Well, I've gone public on facebook that I'm pregnant so here is the blog about it! I'm in my 6th month and have to say, I'm loving it. The whole experience has been 98% amazing. The 2% of ick comes from fears/financial stress (maybe it should be a few more percents in truth but I HATE to lead with fear, instead I trust trust TRUST in the universe to provide) and the other 1% is from the 2 times I've wanted to take pain relief SO BAD but didn't. Like today, I'm dealing with a whiplash like neck pain and have no idea where it stems from but my neck is on fire and the pain is so intense. I've put Arnica gel on it and felt minor relief for a few minutes but nothing long term or seriously pain relieving.
Sidenote, I listen to KPFK every morning on the way to work and they are in the middle of the longest fund-drive but one of the gifts they are hoping to tempt peoples donation with are Dr. Mario Martinez, The Mind Body Code DVD's. They play his clips and it's very interesting and inspiring to lead with your thoughts. So I'm trying to convince myself that this feeling of pain isn't real, that I feel great. Not super successful but I'll keep it going because there's not much else that can be done.

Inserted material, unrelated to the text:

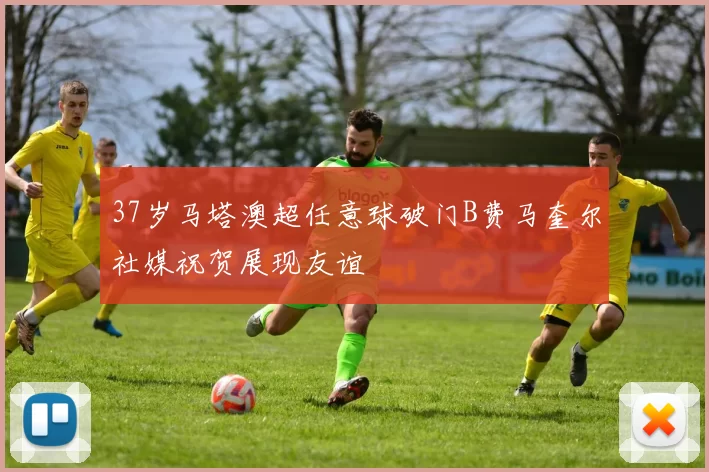 37岁马塔澳超任意球破门B费马奎尔社媒祝贺展现友谊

Back to the lovely 98% though, that's the good stuff. I have so much love and good energy flowing through me and around me. It's so important to me to keep the yuck out of my life and body. I don't need it and neither does my baby. I believe the ride she's having in me right now is doing a lot to inform her of the world she's about to come into. A world I hope she feels stress free in, loved...oh so loved, open to explore who she is and follow her passions.
It has been amazing to watch my body grow and change. Even better is to be sharing it with my partner who is giving me so much love, compassion and support. And a lot of food squeezes and help up when it's just too hard to get off the ground by myself. Seriously carrying around an extra 20 pounds ONLY in the front of my body is intense on my balance and comfortability. I'm so thankful for the Snoogle pillow. A must buy for any preggo's you know. It is my saviour at night.